Heaven forbid I got asked a question about myself. The alarms in my mind would sound off and everyone would be in a panic. One department would pitch oversharing so we could be considered interesting, but nobody really wants you to randomly trauma dump. Besides, you lose your cool and mysterious edge this way. Another department pitches the idea to lie about all of it, so not only are you interesting, but then you don’t have to actually open up. They get into a disagreement with another department who reminds them lying is wrong but in situations like this a vague half-truth/half-lie would work. Answer the question in a very generic manner but omit personal details. A few other ideas are thrown around, but we usually pick one of two.

Option 1: Dodge the question. This doesn’t work all the time and depending on who you’re talking to they can tell you’re being dodgy. Crowded places with a lot going on (not my favorite places) work kinda okay for this. I usually just say “Huh?” Or “What?” Or whatever works in the moment to pretend I didn’t hear them, and after they repeat it, I play it off like I have no idea what they’re talking about, I’ve never done that thing, or whatever I need to indicate I have no frame of reference for what they’re talking about. Usually people get put off by this and may not wish to repeat themselves for a third time and see themselves out of the conversation. This is where busy places are useful because you can quickly find something to change the topic, or maybe they bump into another person and start talking to them instead.

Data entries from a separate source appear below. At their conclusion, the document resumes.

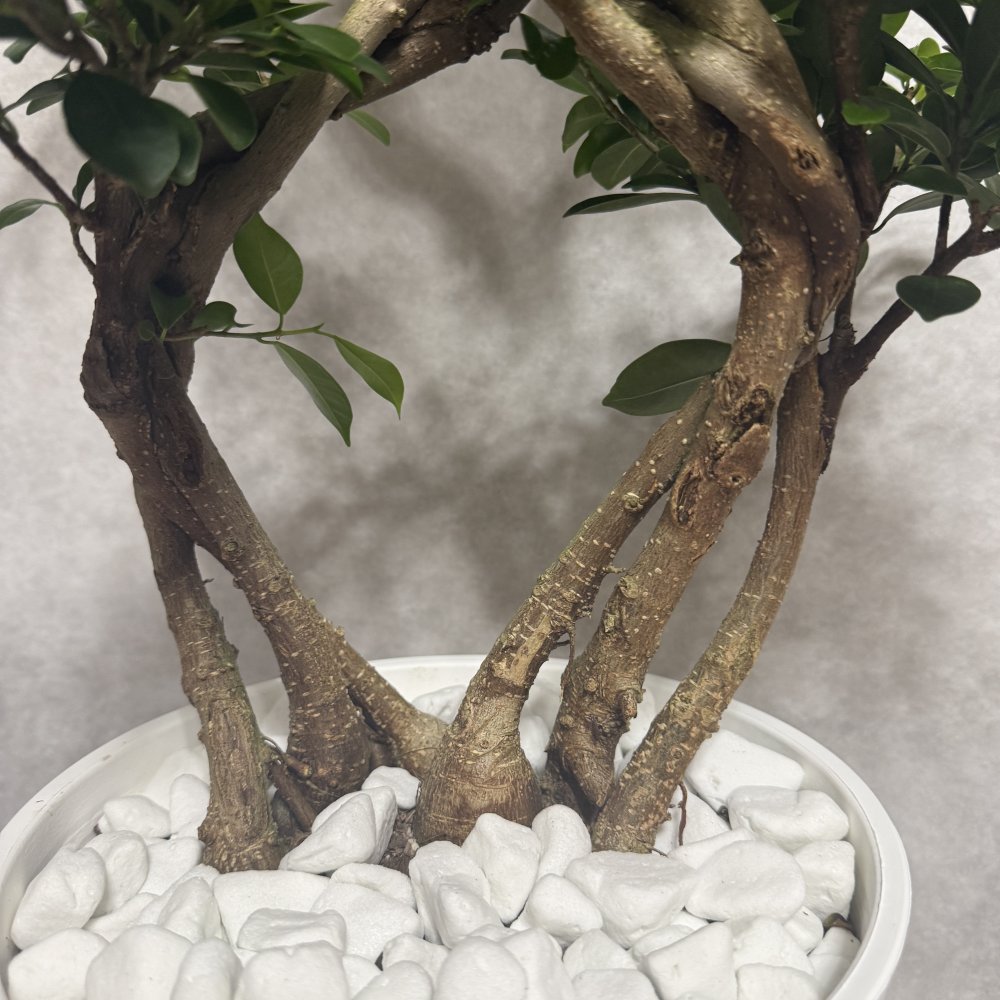 ガジュマル 観葉植物 八の字 8号鉢苗 大型 盆栽 末広がりの8の字 室内 珍しい 希少種 多幸の木 幸福をもたらす精霊が住むガジュマルの木 おしゃれなインテリア 結婚祝い 新築祝い 開店祝い 開業祝い 誕生日 母の日 父の日 記念日 プレゼントギフト 肥料別売り 敬老の日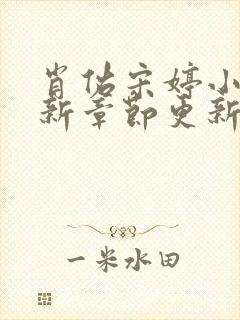 肖佑宋婷小说最新章节更新时间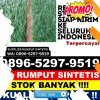 Grosir Rumput Sintetis Lubai Ulu.jpg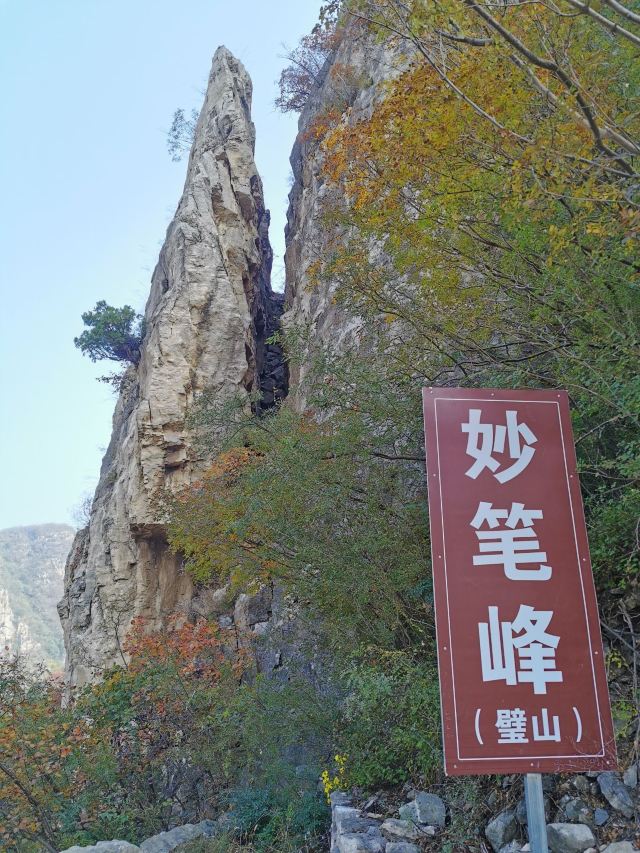 璧山景区旅行图片 8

If the place isn’t busy, I usually keep my attention mostly focused on myself or the task at hand. This does look kinda rude but if you are in a work setting you can really make this work for you and simultaneously build a reputation as a hard worker.
Option 2: Make it obvious you don’t feel comfortable answering the question. You can be a little awkward during this interaction, or you could play it up if you wish. Channel your inner Bella Swan and look tot eh ground while you tuck some hair behind your ear and try to hold your cringe. Give them a partial answer of two to three words and no more than seven. If you’re lucky and are talking to someone with enough EI to get the hint you should be okay. But if they don’t, you have to be a brave individual and kindly say “I’m not comfortable talking about this”. Scary, I know.
I would generally avoid saying “right now” or “with you” as this can prolong the conversation and keep attention on you longer than you may want. They may inquire as to when would be a good time, and if not them, then who, and then why not them.
Let me remind you that all of this came about because someone asked me a simple question about myself.
But now that I have Gilly working the teleprompter, I don’t have to pick what I’m going to say or do, simply follow the carefully crafted script she’s prepared for me.
It’s only been a few hours with this new brain, and I’m feeling pretty good. Let’s hope it lasts.